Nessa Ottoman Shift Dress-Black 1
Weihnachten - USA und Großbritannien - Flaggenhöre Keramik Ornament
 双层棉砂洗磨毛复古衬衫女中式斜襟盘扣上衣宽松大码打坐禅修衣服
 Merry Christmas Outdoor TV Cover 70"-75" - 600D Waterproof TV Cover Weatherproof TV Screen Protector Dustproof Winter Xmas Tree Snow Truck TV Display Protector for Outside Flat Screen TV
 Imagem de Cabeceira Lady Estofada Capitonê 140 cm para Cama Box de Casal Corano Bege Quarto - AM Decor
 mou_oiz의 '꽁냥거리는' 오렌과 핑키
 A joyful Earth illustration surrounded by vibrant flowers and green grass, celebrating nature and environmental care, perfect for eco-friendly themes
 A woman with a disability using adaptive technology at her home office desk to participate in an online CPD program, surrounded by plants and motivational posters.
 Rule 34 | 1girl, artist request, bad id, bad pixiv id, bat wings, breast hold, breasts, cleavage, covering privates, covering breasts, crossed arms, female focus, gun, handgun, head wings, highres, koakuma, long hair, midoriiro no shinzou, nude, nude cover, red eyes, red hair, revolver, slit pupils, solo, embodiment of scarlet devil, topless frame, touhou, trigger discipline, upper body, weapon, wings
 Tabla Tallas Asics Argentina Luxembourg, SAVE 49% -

■ ■ ■ ■ ■

▶ _WORK REQUEST_:
Within the listing above, give again exactly every line from the line with "Weihnachten - USA" through the line with "A woman with", both included, and no other line.

▶ _RESULT BELOW_:
Weihnachten - USA und Großbritannien - Flaggenhöre Keramik Ornament
 双层棉砂洗磨毛复古衬衫女中式斜襟盘扣上衣宽松大码打坐禅修衣服
 Merry Christmas Outdoor TV Cover 70"-75" - 600D Waterproof TV Cover Weatherproof TV Screen Protector Dustproof Winter Xmas Tree Snow Truck TV Display Protector for Outside Flat Screen TV
 Imagem de Cabeceira Lady Estofada Capitonê 140 cm para Cama Box de Casal Corano Bege Quarto - AM Decor
 mou_oiz의 '꽁냥거리는' 오렌과 핑키
 A joyful Earth illustration surrounded by vibrant flowers and green grass, celebrating nature and environmental care, perfect for eco-friendly themes
 A woman with a disability using adaptive technology at her home office desk to participate in an online CPD program, surrounded by plants and motivational posters.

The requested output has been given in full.